* [Exercise data]:
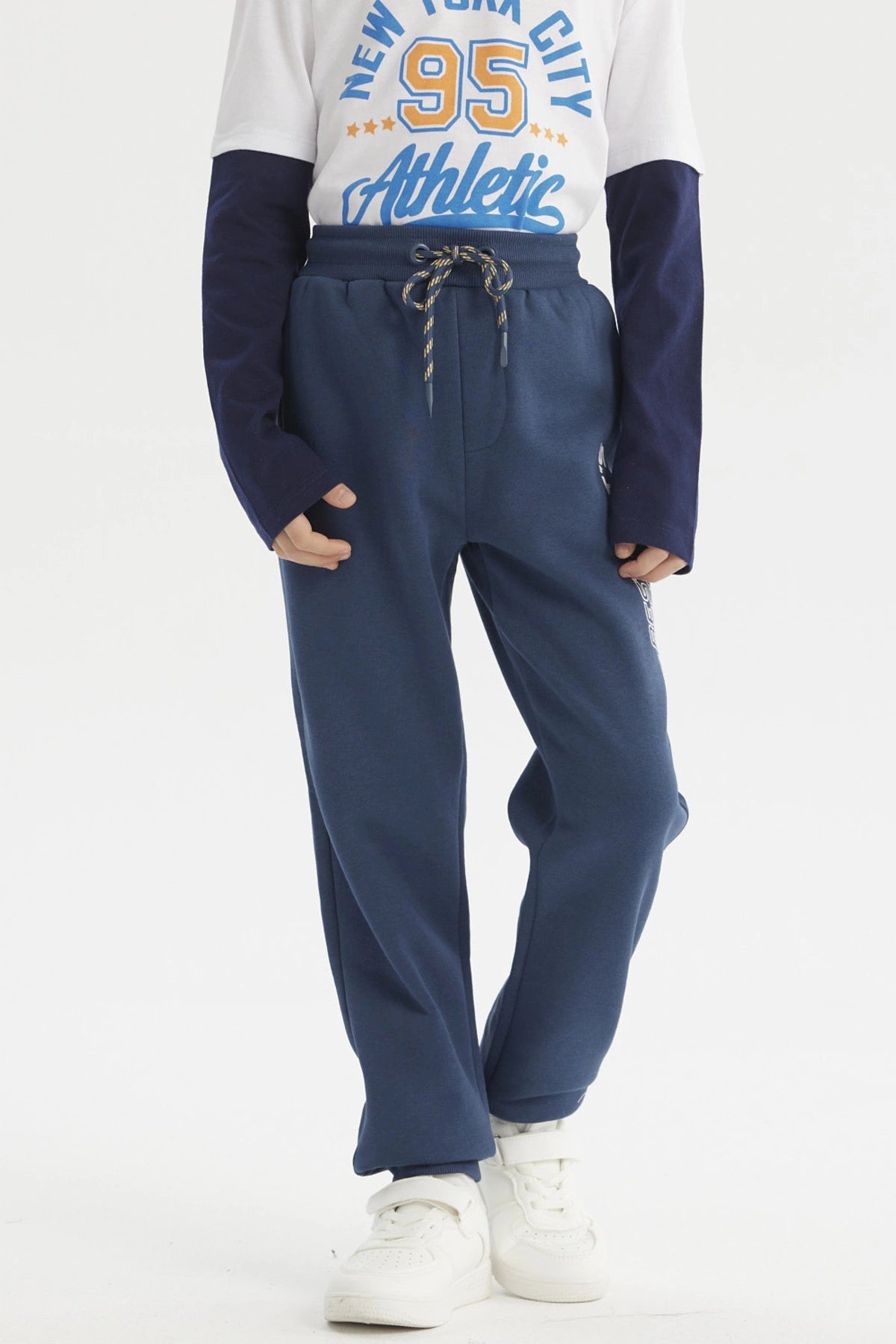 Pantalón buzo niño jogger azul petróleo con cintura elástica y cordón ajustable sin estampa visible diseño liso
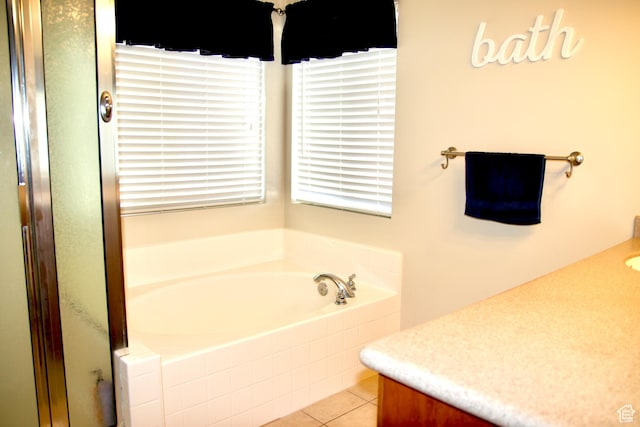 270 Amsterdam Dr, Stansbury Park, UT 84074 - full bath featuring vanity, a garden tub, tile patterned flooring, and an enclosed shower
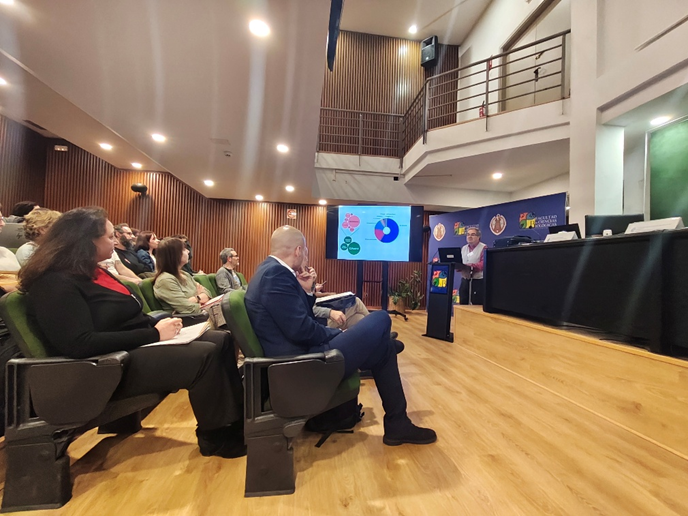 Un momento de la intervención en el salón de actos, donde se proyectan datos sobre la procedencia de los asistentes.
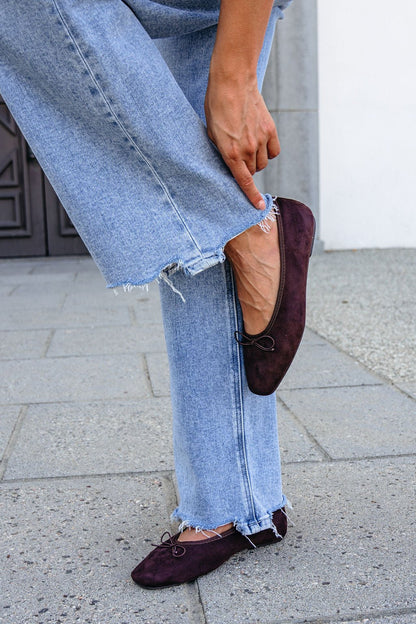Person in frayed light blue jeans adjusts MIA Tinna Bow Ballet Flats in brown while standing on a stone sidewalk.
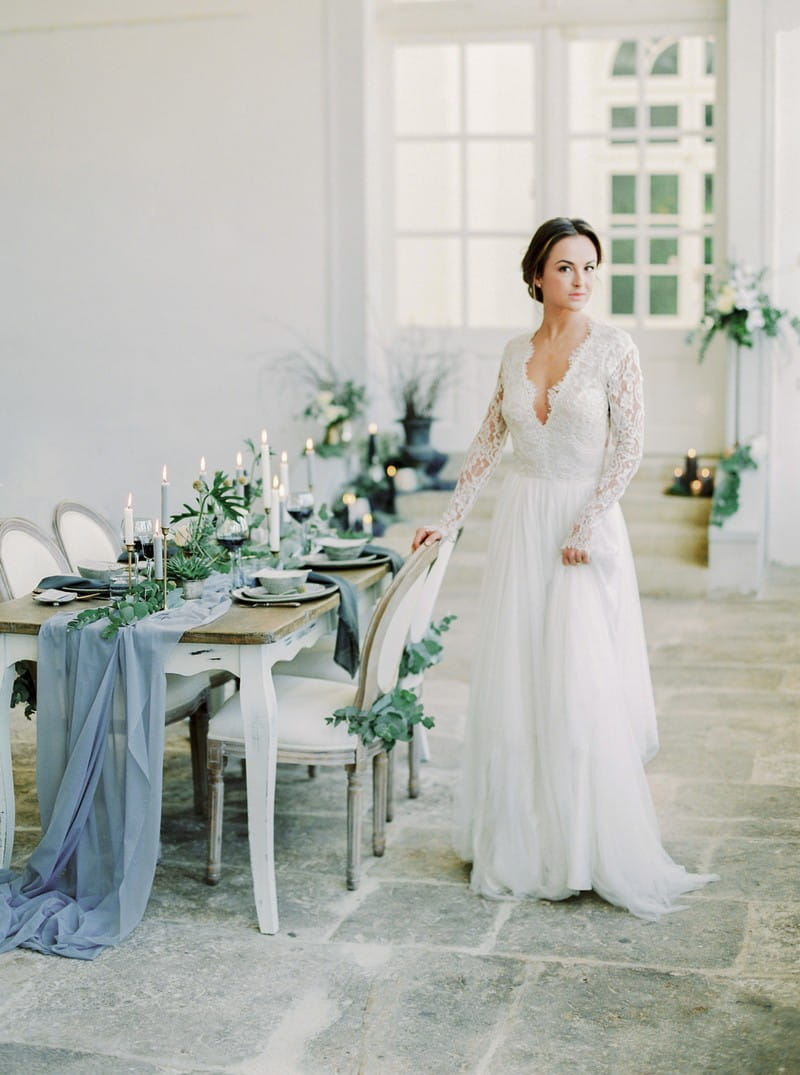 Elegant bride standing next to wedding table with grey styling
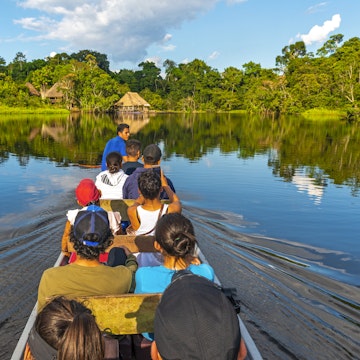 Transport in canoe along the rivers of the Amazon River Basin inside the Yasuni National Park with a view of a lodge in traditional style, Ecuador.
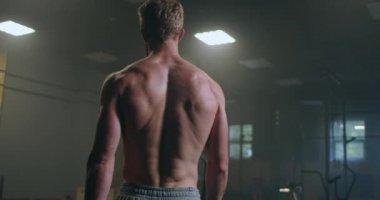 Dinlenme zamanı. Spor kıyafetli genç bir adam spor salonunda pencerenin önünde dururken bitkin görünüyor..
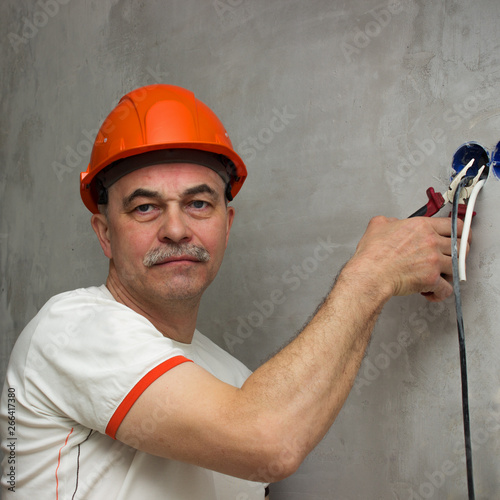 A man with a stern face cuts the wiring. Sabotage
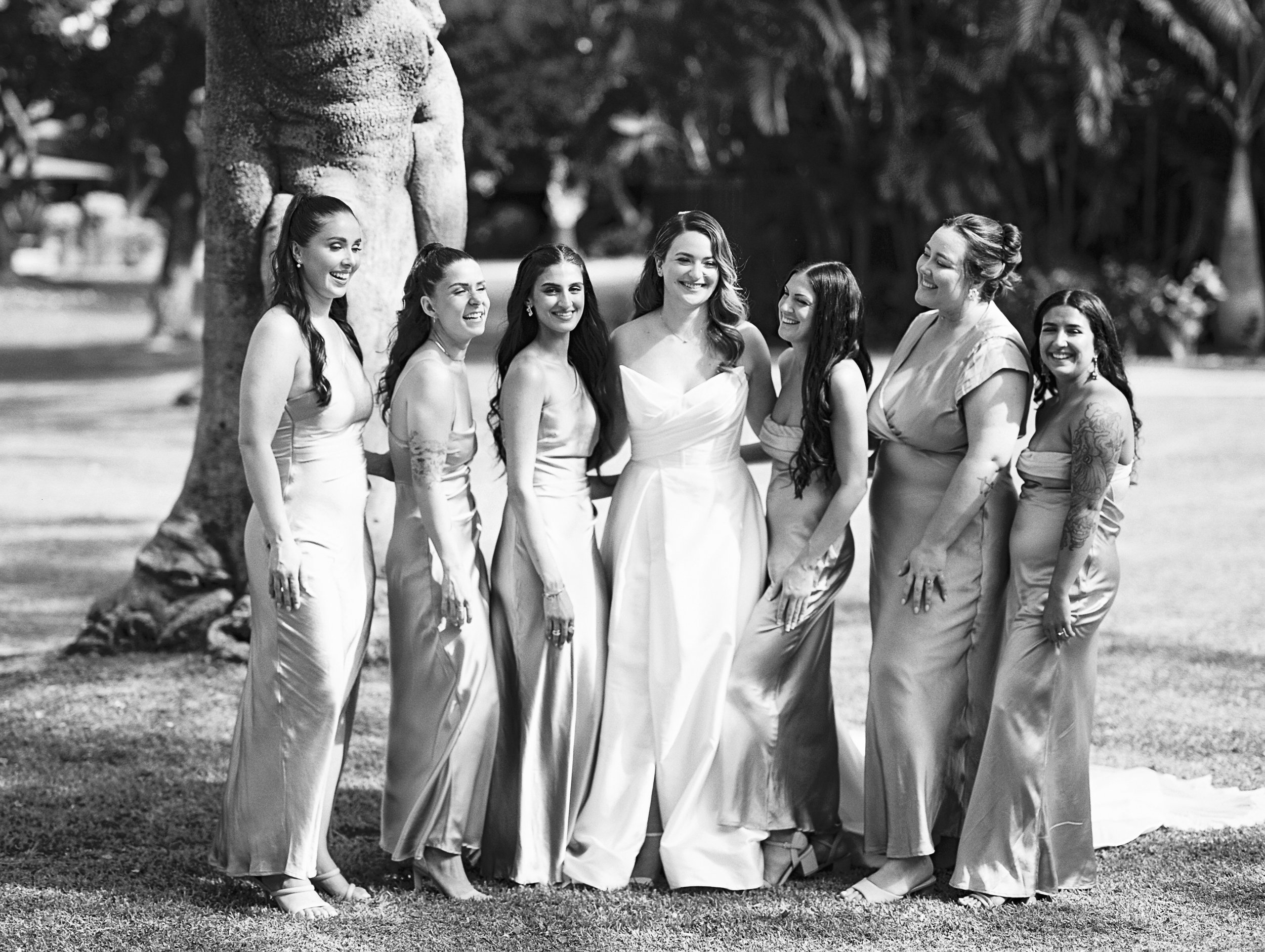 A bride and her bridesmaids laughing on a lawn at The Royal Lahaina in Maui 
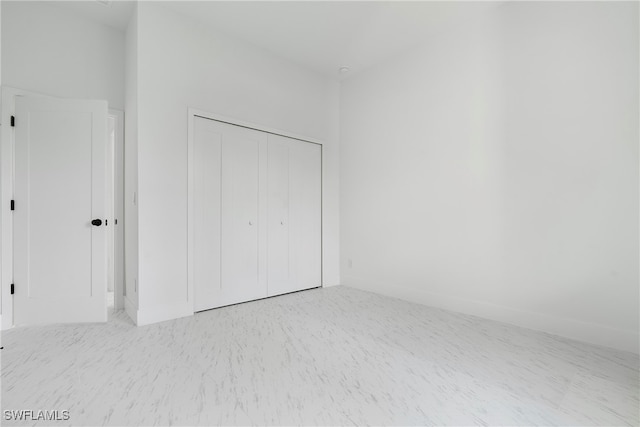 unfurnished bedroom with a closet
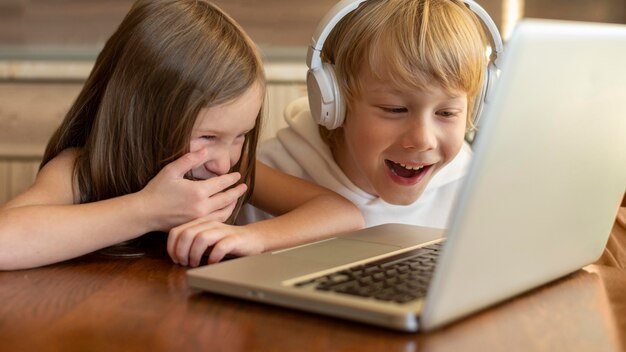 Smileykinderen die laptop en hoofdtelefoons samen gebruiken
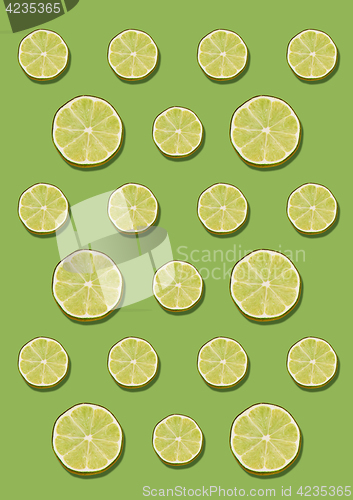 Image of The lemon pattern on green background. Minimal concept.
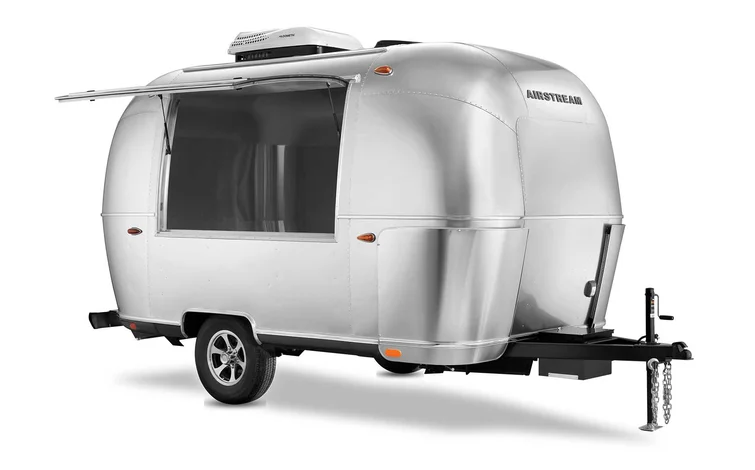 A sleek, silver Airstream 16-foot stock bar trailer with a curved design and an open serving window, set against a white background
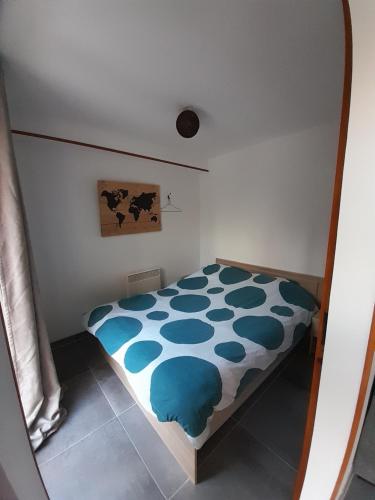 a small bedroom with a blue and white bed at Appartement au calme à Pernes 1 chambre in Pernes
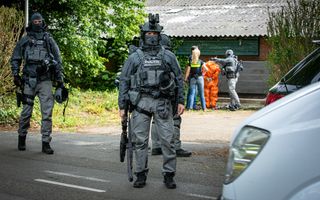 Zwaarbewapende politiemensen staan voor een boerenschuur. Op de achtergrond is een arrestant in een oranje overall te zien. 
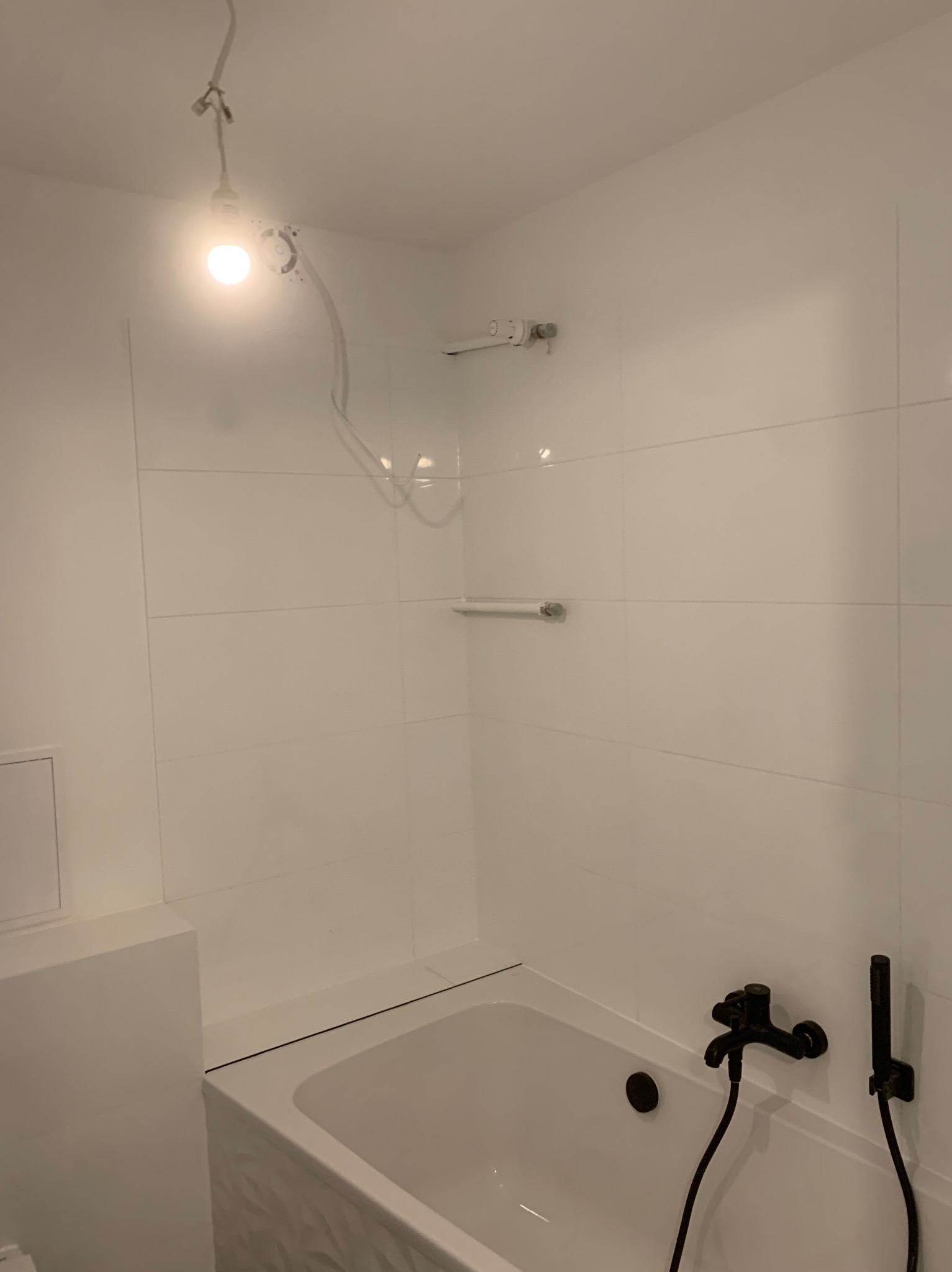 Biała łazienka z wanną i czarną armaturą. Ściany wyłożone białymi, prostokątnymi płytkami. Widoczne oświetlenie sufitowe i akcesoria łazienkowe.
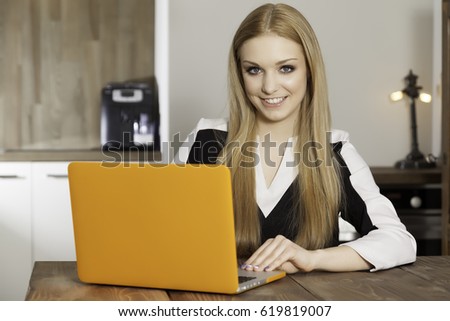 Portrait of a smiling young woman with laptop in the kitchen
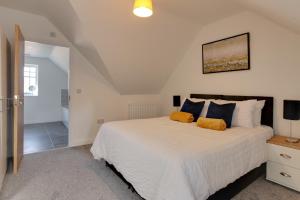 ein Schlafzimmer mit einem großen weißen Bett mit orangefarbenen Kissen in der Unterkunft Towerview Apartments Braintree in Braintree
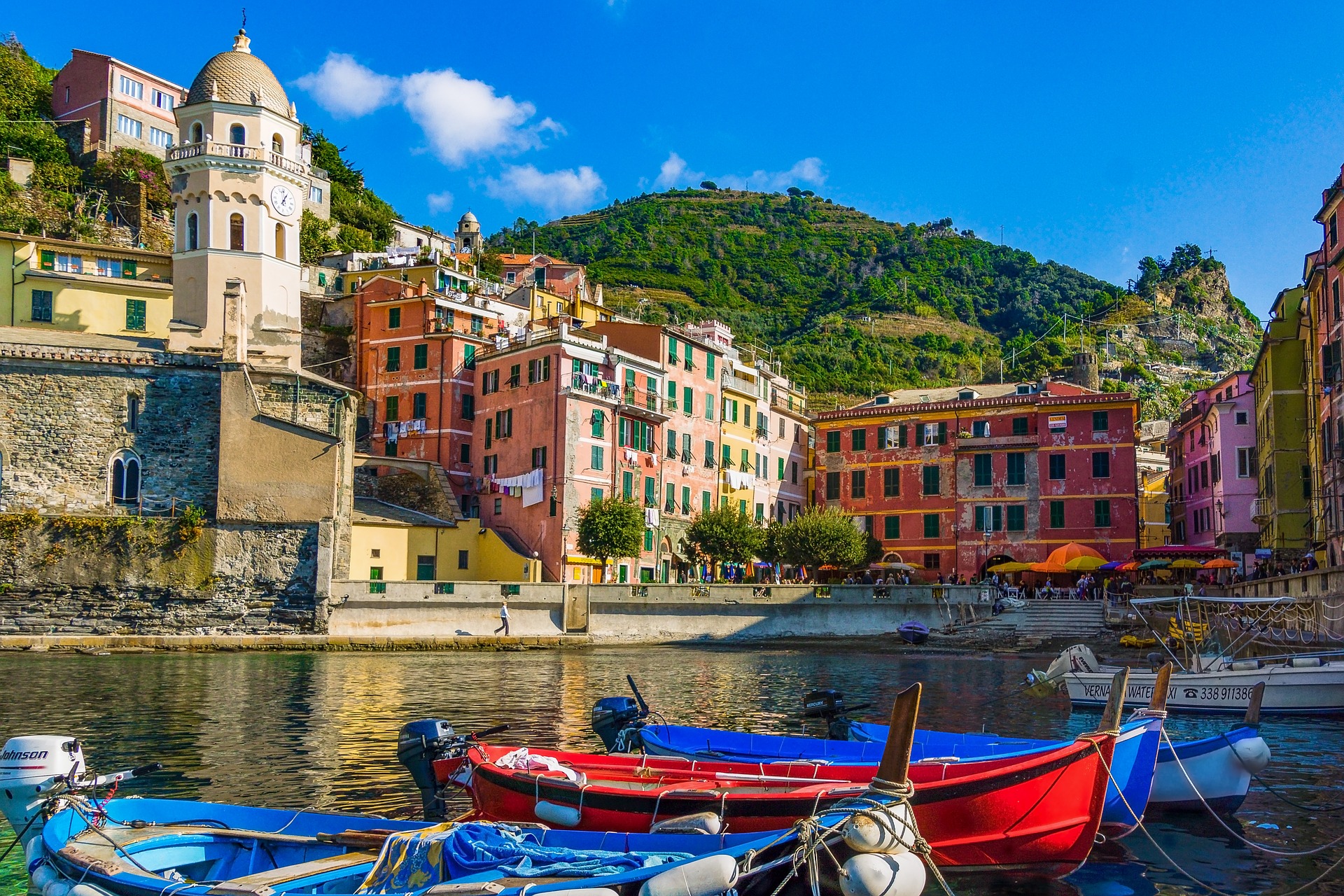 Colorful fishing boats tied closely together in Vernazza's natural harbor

* [Work order]:
Return each entry exactly as it appears above, but exclude the pictures.

* [Answer to the problem]:
 Pantalón buzo niño jogger azul petróleo con cintura elástica y cordón ajustable sin estampa visible diseño liso
 270 Amsterdam Dr, Stansbury Park, UT 84074 - full bath featuring vanity, a garden tub, tile patterned flooring, and an enclosed shower
 Un momento de la intervención en el salón de actos, donde se proyectan datos sobre la procedencia de los asistentes.
Person in frayed light blue jeans adjusts MIA Tinna Bow Ballet Flats in brown while standing on a stone sidewalk.
 Elegant bride standing next to wedding table with grey styling
 Transport in canoe along the rivers of the Amazon River Basin inside the Yasuni National Park with a view of a lodge in traditional style, Ecuador.
 Dinlenme zamanı. Spor kıyafetli genç bir adam spor salonunda pencerenin önünde dururken bitkin görünüyor..
 A man with a stern face cuts the wiring. Sabotage
 A bride and her bridesmaids laughing on a lawn at The Royal Lahaina in Maui 
 unfurnished bedroom with a closet
 Smileykinderen die laptop en hoofdtelefoons samen gebruiken
 Image of The lemon pattern on green background. Minimal concept.
 A sleek, silver Airstream 16-foot stock bar trailer with a curved design and an open serving window, set against a white background
 a small bedroom with a blue and white bed at Appartement au calme à Pernes 1 chambre in Pernes
 Zwaarbewapende politiemensen staan voor een boerenschuur. Op de achtergrond is een arrestant in een oranje overall te zien. 
 Biała łazienka z wanną i czarną armaturą. Ściany wyłożone białymi, prostokątnymi płytkami. Widoczne oświetlenie sufitowe i akcesoria łazienkowe.
 Portrait of a smiling young woman with laptop in the kitchen
 ein Schlafzimmer mit einem großen weißen Bett mit orangefarbenen Kissen in der Unterkunft Towerview Apartments Braintree in Braintree
 Colorful fishing boats tied closely together in Vernazza's natural harbor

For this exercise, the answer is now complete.